Сберегая ребенка от простуды, он не выпускал его из комнаты целую зиму, а если дозволял прокатить в карете, то сверх шубы и теплой шапки закутывал платками и шарфами. Предостерегая от расстройства желудка, держал его на строгой диете. Обед Саши, до восьми- или девятилетного возраста, состоял из тарелки бульона с белым хлебом, котлеты, или кусочка жареного, компота из яблоков и чернослива, или печеного яблока. До этого же возраста одевали его в панталоны из китайки, планшевого[35] цвета, с высоким воротом и длинными рукавами; во время обеда и завтрака, состоявшего из чашки бульона и котлеты, надевали на него фартук из салфеточного полотна. При малейшем насморке или кашле поднимались такие страшные хлопоты и тревога, что, глядя на них, ребенок начинал воображать себя сильно больным и принимался блажить до того, что всех выводил из терпения. Сейчас являлся доктор, прописывал лекарства, которые давал ему, по часам, сам Иван Алексеевич и сам за ним ухаживал. Если Саша, от жара в комнате и излишнего за ним ухода, раздражался и принимался колобродить и метаться, Иван Алексеевич садился подле него и старался его развлечь, а когда это не помогало, брал его на руки, ходил с ним по комнате, несмотря на то что ребенок изгибался у него на руках и брыкался ногами, носил его до тех пор, пока он успокоивался. Кроме Ивана Алексеевича, Сашу баловали на все руки. Сенатор дарил ему дорогие, затейливые игрушки. Карл Иванович нянчил и тешил его. Ребенок часто целые дни проводил в его комнате, докучал ему, шалил, — он все выносил с добродушной улыбкой, вырезывал ему из картонной бумаги разные чудеса, точил разные безделицы из дерева. По вечерам приносил из библиотеки книги с картинками и терпеливо показывал ему одни и те же изображения, повторяя одни и те же объяснения в тысячный раз.

Луиза Ивановна меньше других его нежила, но не перечила шуметь, кричать, шалить целые дни. Он был так жив и резв, что пяти минут не мог оставаться на одном месте без шума. Колотил, стучал, ломал, только трещали дорогие игрушки. По целым часам барабанил в барабан, расхаживая вокруг комнат, ни на кого не обращая внимания. Иногда он становился у притолоки двери, складывал назад руки и начинал продолжительно прыгать с одной стороны притолоки на другую и петь на всю комнату краковяк. Для этой операции почему-то всегда надевал халатик и подпоясывался зеленым шелковым поясом Ивана Алексеевича, с серебряной пряжкой. Раз он так надоел матери шумом и трескотней, что она стала строго останавливать его. Новость эта до того поразила ребенка, что он, посмотревши пристально на мать, вскрикнул: «Прощайте, умираю», — бросился навзничь, сложил руки, закрыл глаза и долго оставался неподвижен, как ни уговаривали его встать. К этому средству он стал прибегать при малейшем противоречии. Чтобы прекратить такую выходку, однажды, как он, сказавши «умер», протянулся на полу, Луиза Ивановна закричала: «Подите сюда кто-нибудь, Саша умер, вынесите его и похороните». В одно мгновение он вскочил на ноги, говоря: «Как, меня похоронить? Нет! Я умер, но уйду!» — и мгновенно исчез; с тех пор больше не пробовал умирать.

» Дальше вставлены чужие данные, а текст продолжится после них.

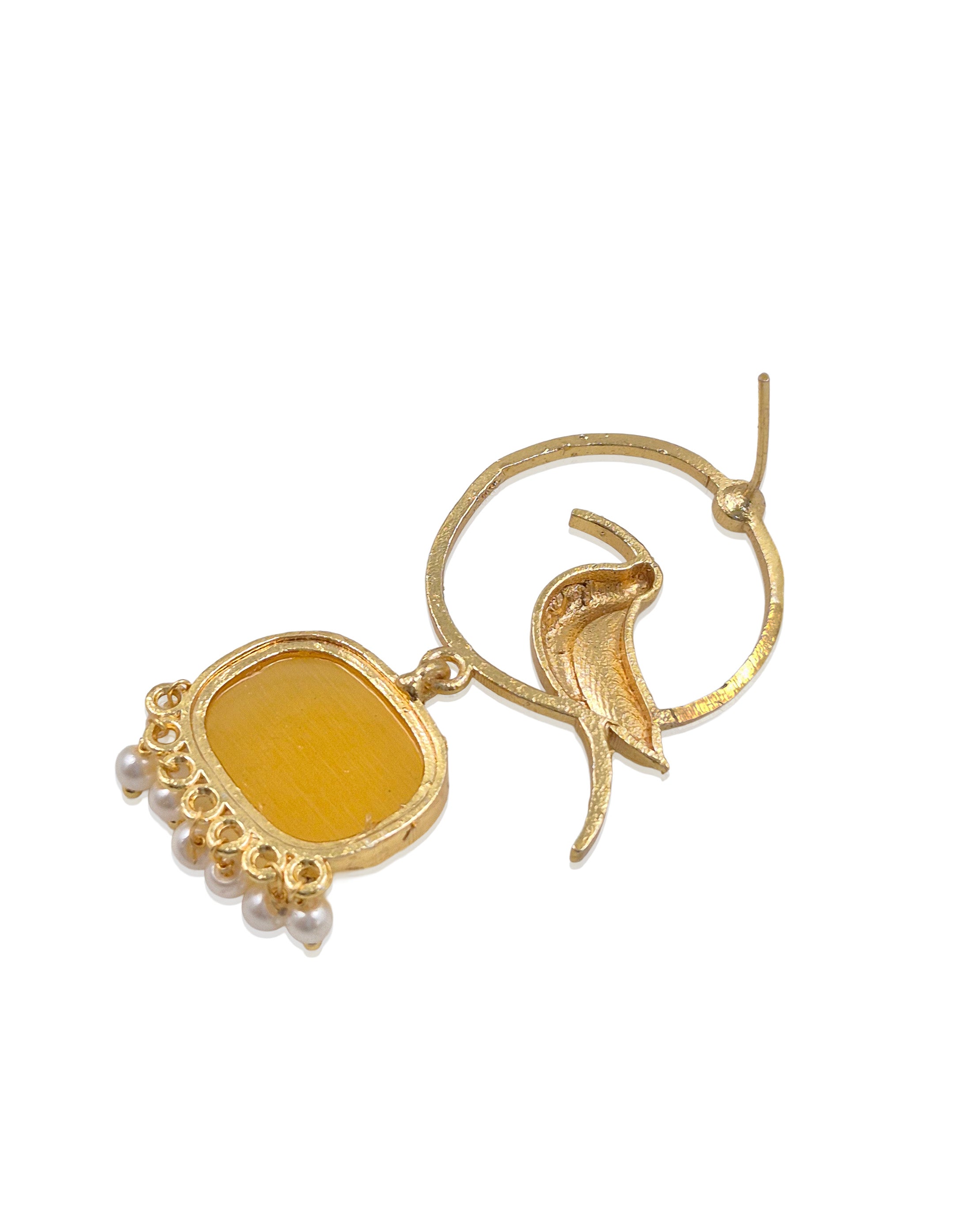 PARROT DANGLER GOLDEN EARRINGS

Дни именин и рождения Саши праздновались торжественно. Вот чему я с ранних лет была свидетельницей, и как сам он об этом рассказывает{10}.

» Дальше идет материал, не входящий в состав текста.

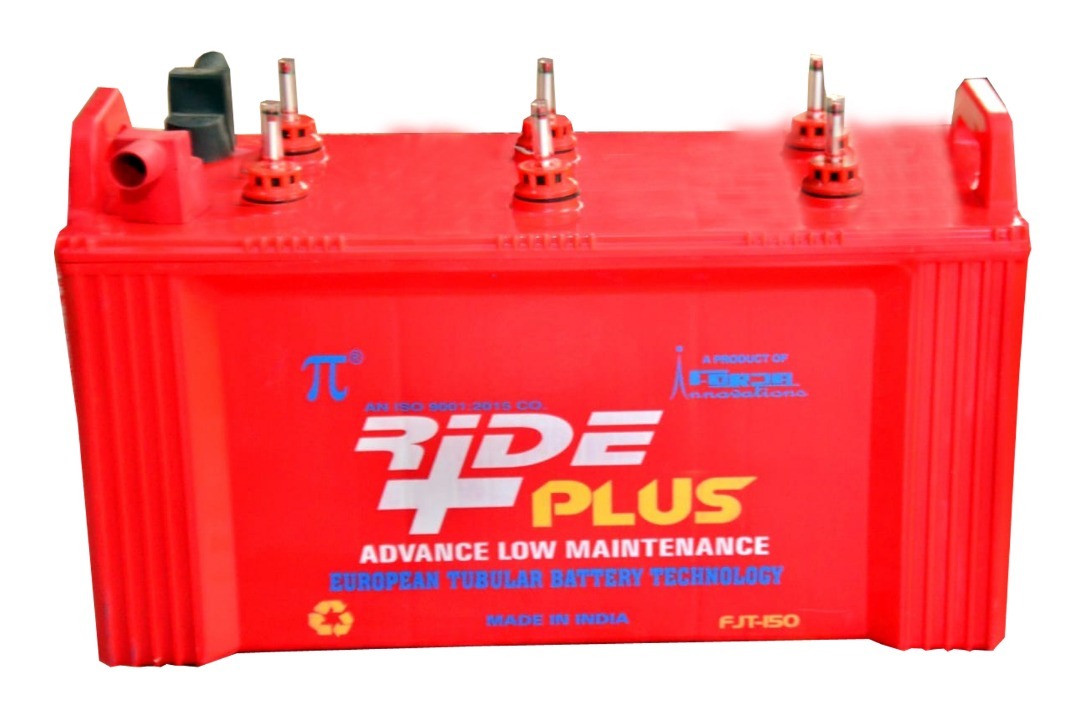 Ride Plus Tubular Inverter Battery 150AH, FJT150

«Перед этими торжественными днями Кало запирался в своей комнате, откуда были слышны разные звуки молотка и других инструментов; часто быстрыми шагами проходил он по коридору, всякий раз запирая на ключ свою дверь, то с кастрюлькой клея, то с какими-то завернутыми в бумагу вещами. Можно себе представить, как хотелось знать, что он готовит; я подсылал дворовых мальчиков выведать, но Кало держал ухо востро. Мы как-то открыли на лестнице небольшое отверстие, падавшее прямо в его комнату, но и оно нам не помогло: видна была верхняя часть окна и портрет Фридриха II с огромным носом, с огромной звездой и с видом исхудалого коршуна. Дня за два шум переставал, комната была отворена, все в ней было по-старому, кой-где валялись только обрезки золотой и цветной бумаги; я краснел, снедаемый любопытством, но Кало с натянуто-серьезным видом не касался щекотливого предмета.